Estamos acurrucados esperando otra tragedia. Ese horror que inmortalizarán los ropavejeros de la producción y de los productores de palabras que reducen todo, a las estrategias de los adversarios. Estamos atrapados en la hiel del odio, en la falsa comprensión de los puntos de vista, en la ceguera de los juegos de la guerra.
Esta iconología de las formas y los contenidos están siempre ligados a las multinacionales de las armas.
Es una sociedad que honran la codicia y a los carcomidos que universalizan el ojo por ojo y el diente por diente. Nos cubrimos con un abrigo de decencia, mientras planificamos la destrucción del otro. Es así como el adversario pantagruélico establece su fisonomía y patognomía. Lo hace tratando de desviar y eludiendo la verdadera significación de sus cualidades del alma: la de albergar una proyección simbólica en defensa de su violencia, la de ser los títeres y cortesanos del cornudo histórico.
Dirían los psicoanalistas que son efectos de la llamada represión. Por tales razones, ellos quieren ocultar en bolsas plásticas el genocidio. Eso que no queremos aceptar visualmente es el horror que nos provoca el acto pulsional de matar. La pubertad de occidente, ya pasó. Aflora el producto de su egoísmo colonialista, las adicciones por un progreso que destruye todo a su paso.

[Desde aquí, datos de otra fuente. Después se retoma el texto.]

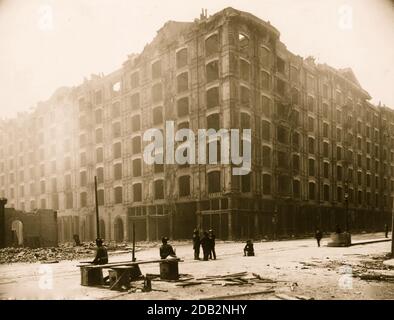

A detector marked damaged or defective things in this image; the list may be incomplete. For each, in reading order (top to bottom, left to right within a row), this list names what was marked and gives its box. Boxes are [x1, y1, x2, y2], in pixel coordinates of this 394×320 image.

damaged multi-story building [0, 8, 392, 242]
burned building facade [0, 8, 392, 242]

Las pulsiones que le aterran sobre su propio sadomasoquismo, apetencias y sueños violentos sobre los cuerpos humanos que no logran conquistar para convertirlos en maquinaria de trabajo.
Hoy pensaba en esta historia rocambolesca de cuerpos inmóviles, de brazos y manos fueras de marco que constituye lo funerario. A dónde irán esas miradas perdidas que fueron encorsetadas en estadísticas de guerra. Si existe una brizna de espontaneidad en estos retratos de naturaleza violenta, ¿Cuál será las respuestas del otro? Abra una respuesta para dar ritmo a lo geométrico y a la estricta simetría de la representación de defenderse. Lo que conmociona al mundo es el drama de una camisola negra que se pliega sobre los cuerpos muertos que están haciendo historia en el contexto de una cultura de la apariencia.
El cortesano occidental está lejos de resolver la relación entre el ser y el parecer. No es hermoso el carretón de los cadáveres producto de una gran falla, como la del aparcamiento de grupos que se convirtieron en apátridas. Fracasaron esos actores políticos y sociales. No pudieron detener esos imperativos, asociados con los intereses de unos pocos. Esta iconología de las formas y los contenidos están siempre ligados a las multinacionales de las armas. No nos respetan con su abigarrado y prepotente lenguaje. Estos retratos de la guerra desvelan desolación y ojos que se cierran, porque no aguantamos, a estos guardianes de cuerpos muertos. El episodio bufonesco de los medios de comunicación, atraviesa la pulsión escópica de simular las escenas implícitas de la cara de la guerra. Todos los poetas saben que no se puede eludir el mal, con tales escudos, pues no dan paso, a los diálogos amorosos que son necesarios para mover el tablero del poder.